**The problem:** Repeat the data exactly, please.

**Data for review:**
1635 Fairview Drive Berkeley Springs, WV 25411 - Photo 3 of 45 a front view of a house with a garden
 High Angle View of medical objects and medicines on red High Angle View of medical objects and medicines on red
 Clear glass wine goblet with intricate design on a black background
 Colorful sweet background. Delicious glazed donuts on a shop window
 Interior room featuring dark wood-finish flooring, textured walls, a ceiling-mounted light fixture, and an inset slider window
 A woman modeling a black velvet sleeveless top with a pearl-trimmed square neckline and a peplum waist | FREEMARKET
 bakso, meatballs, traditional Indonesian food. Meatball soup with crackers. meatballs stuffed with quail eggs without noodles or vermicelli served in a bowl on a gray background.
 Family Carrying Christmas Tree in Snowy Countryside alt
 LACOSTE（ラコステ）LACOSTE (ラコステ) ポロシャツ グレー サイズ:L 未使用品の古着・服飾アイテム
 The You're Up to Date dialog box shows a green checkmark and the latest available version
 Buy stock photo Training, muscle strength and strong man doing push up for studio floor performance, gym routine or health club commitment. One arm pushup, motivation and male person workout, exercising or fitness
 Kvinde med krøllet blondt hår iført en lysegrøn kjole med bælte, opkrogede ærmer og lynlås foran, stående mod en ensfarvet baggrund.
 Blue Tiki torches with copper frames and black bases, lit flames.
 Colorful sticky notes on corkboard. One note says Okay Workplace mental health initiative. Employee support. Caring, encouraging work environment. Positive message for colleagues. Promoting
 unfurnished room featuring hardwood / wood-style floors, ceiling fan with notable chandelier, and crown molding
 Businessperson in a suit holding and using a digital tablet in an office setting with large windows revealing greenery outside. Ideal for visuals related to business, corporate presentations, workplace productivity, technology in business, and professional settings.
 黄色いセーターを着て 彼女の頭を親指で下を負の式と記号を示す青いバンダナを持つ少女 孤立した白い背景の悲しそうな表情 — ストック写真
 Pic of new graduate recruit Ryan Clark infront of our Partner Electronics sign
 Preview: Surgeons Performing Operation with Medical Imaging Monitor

**Output below:**
1635 Fairview Drive Berkeley Springs, WV 25411 - Photo 3 of 45 a front view of a house with a garden
 High Angle View of medical objects and medicines on red High Angle View of medical objects and medicines on red
 Clear glass wine goblet with intricate design on a black background
 Colorful sweet background. Delicious glazed donuts on a shop window
 Interior room featuring dark wood-finish flooring, textured walls, a ceiling-mounted light fixture, and an inset slider window
 A woman modeling a black velvet sleeveless top with a pearl-trimmed square neckline and a peplum waist | FREEMARKET
 bakso, meatballs, traditional Indonesian food. Meatball soup with crackers. meatballs stuffed with quail eggs without noodles or vermicelli served in a bowl on a gray background.
 Family Carrying Christmas Tree in Snowy Countryside alt
 LACOSTE（ラコステ）LACOSTE (ラコステ) ポロシャツ グレー サイズ:L 未使用品の古着・服飾アイテム
 The You're Up to Date dialog box shows a green checkmark and the latest available version
 Buy stock photo Training, muscle strength and strong man doing push up for studio floor performance, gym routine or health club commitment. One arm pushup, motivation and male person workout, exercising or fitness
 Kvinde med krøllet blondt hår iført en lysegrøn kjole med bælte, opkrogede ærmer og lynlås foran, stående mod en ensfarvet baggrund.
 Blue Tiki torches with copper frames and black bases, lit flames.
 Colorful sticky notes on corkboard. One note says Okay Workplace mental health initiative. Employee support. Caring, encouraging work environment. Positive message for colleagues. Promoting
 unfurnished room featuring hardwood / wood-style floors, ceiling fan with notable chandelier, and crown molding
 Businessperson in a suit holding and using a digital tablet in an office setting with large windows revealing greenery outside. Ideal for visuals related to business, corporate presentations, workplace productivity, technology in business, and professional settings.
 黄色いセーターを着て 彼女の頭を親指で下を負の式と記号を示す青いバンダナを持つ少女 孤立した白い背景の悲しそうな表情 — ストック写真
 Pic of new graduate recruit Ryan Clark infront of our Partner Electronics sign
 Preview: Surgeons Performing Operation with Medical Imaging Monitor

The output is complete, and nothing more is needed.